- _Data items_
+ + + + +

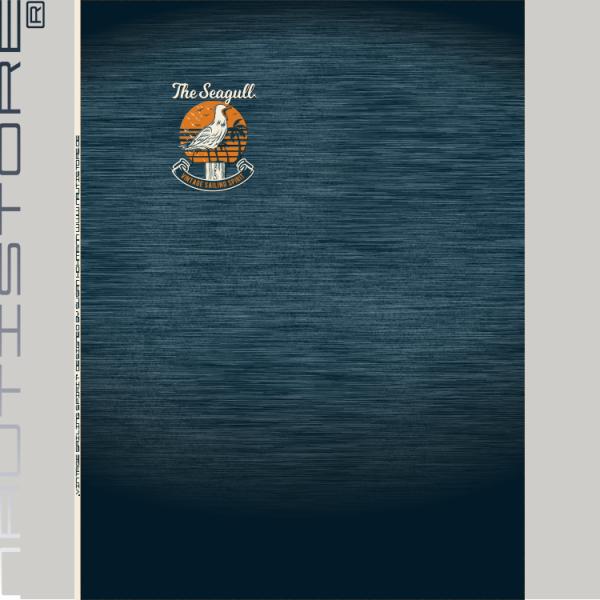 Vintage Sailing Spirit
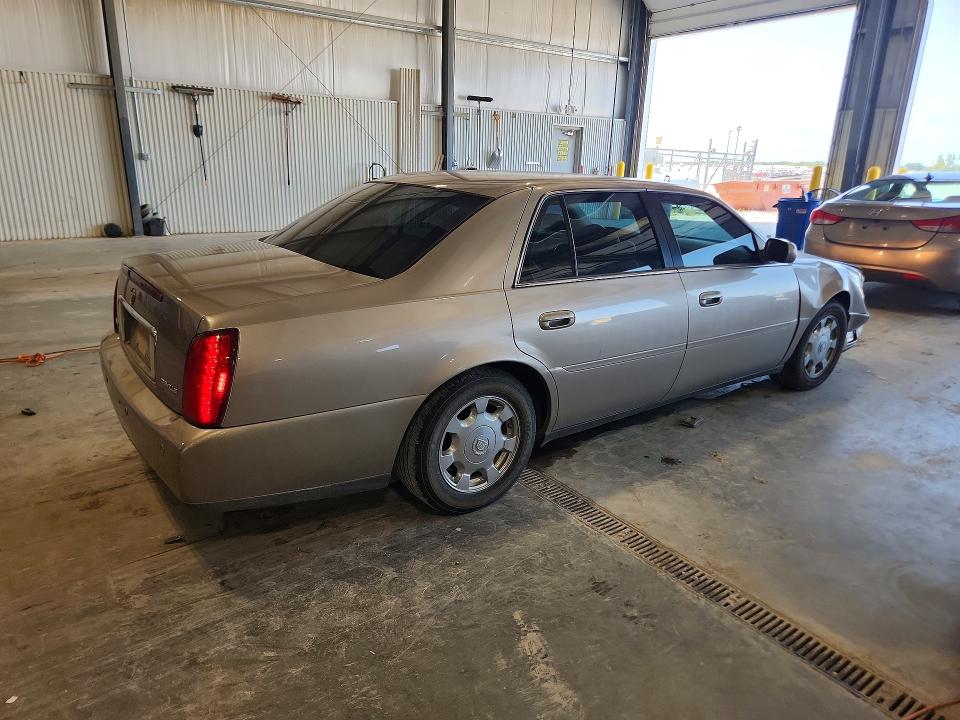 Продажа на аукционе авто 2004 Cadillac Deville, vin: 1G6KD54Y04U244128, номер лота: 64754756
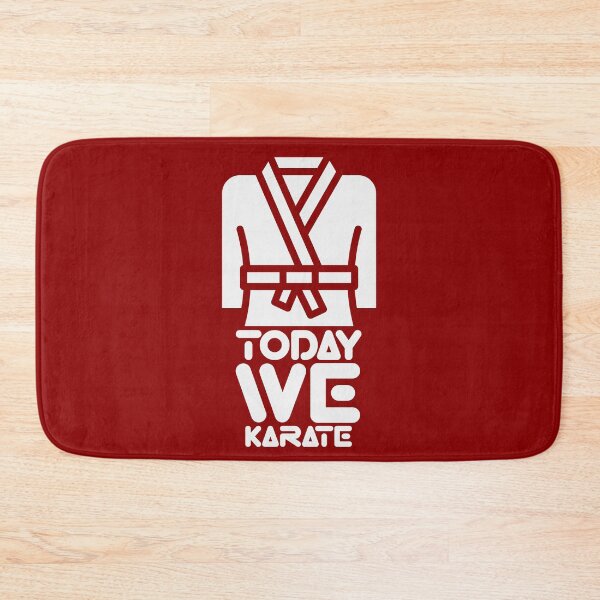 Item preview, SQUAD : Today We KARATE designed and sold by Eksama Design.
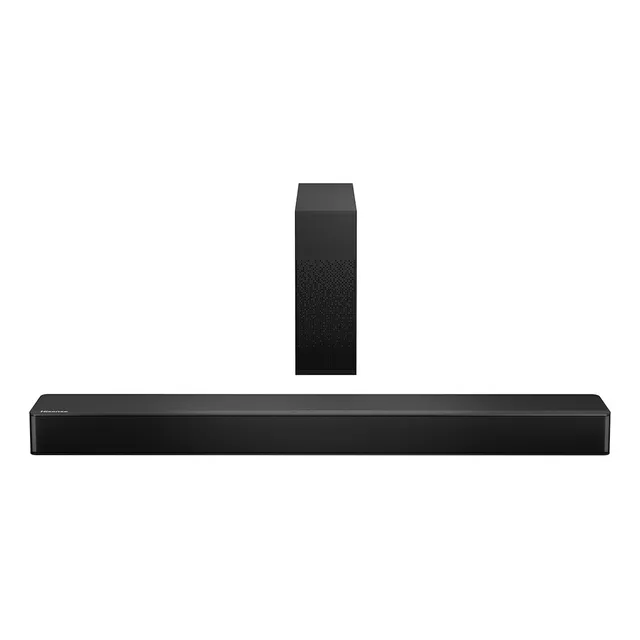 Hisense Barra De Sonido Hs2100 (2023) 2.1 Ch 240w Con Dts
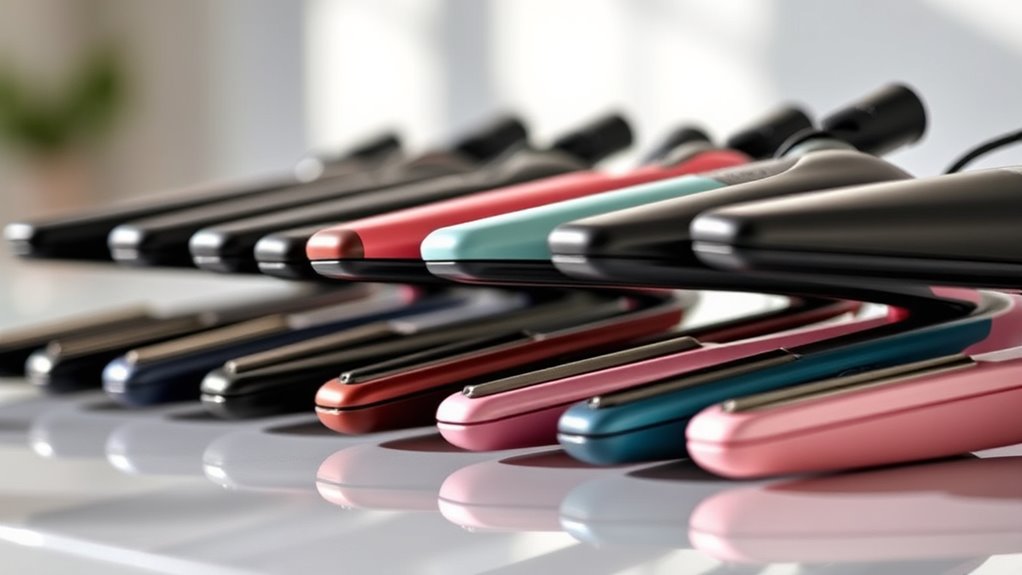 affordable salon quality flat irons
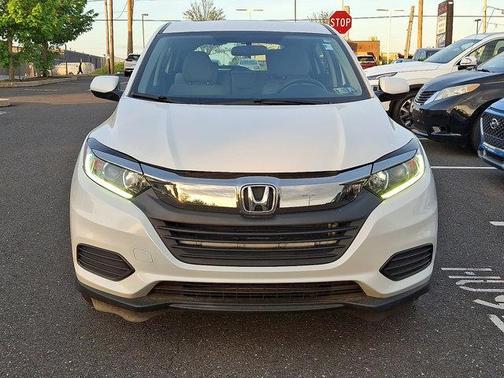 2022 Honda HR-V LX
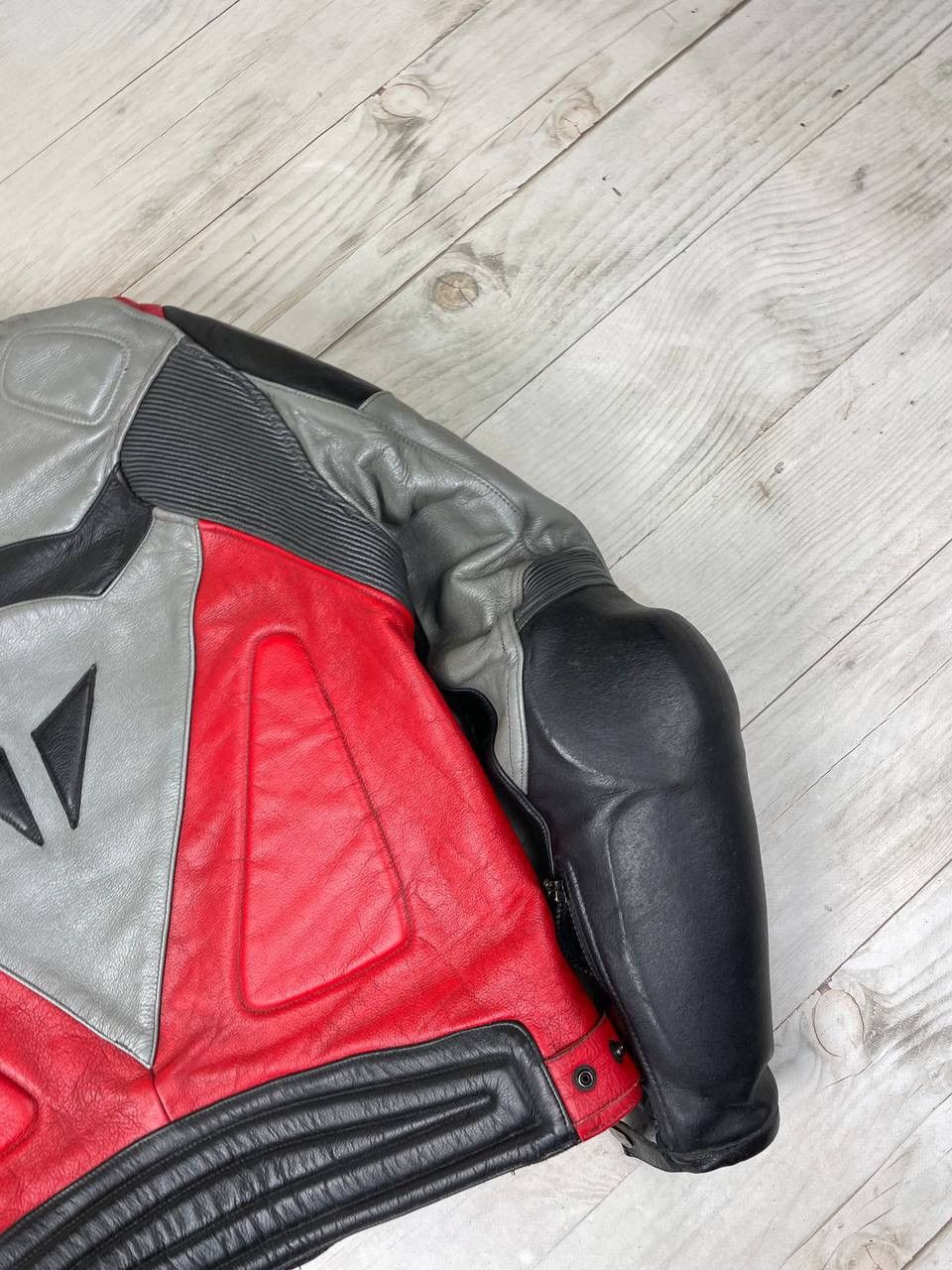 Dainese Vintage Professional Dainese Moto Leather Suit Jacket Pants Size US L / EU 52-54 / 3 - 19 Thumbnail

+ + + + +

- _WHAT THE TASK ASKS_
Only an exact copy of the lines from the one with "affordable salon quality flat irons" through the last line of the data above is wanted, and no pictures.

- _RESPONSE_
 affordable salon quality flat irons
 2022 Honda HR-V LX
 Dainese Vintage Professional Dainese Moto Leather Suit Jacket Pants Size US L / EU 52-54 / 3 - 19 Thumbnail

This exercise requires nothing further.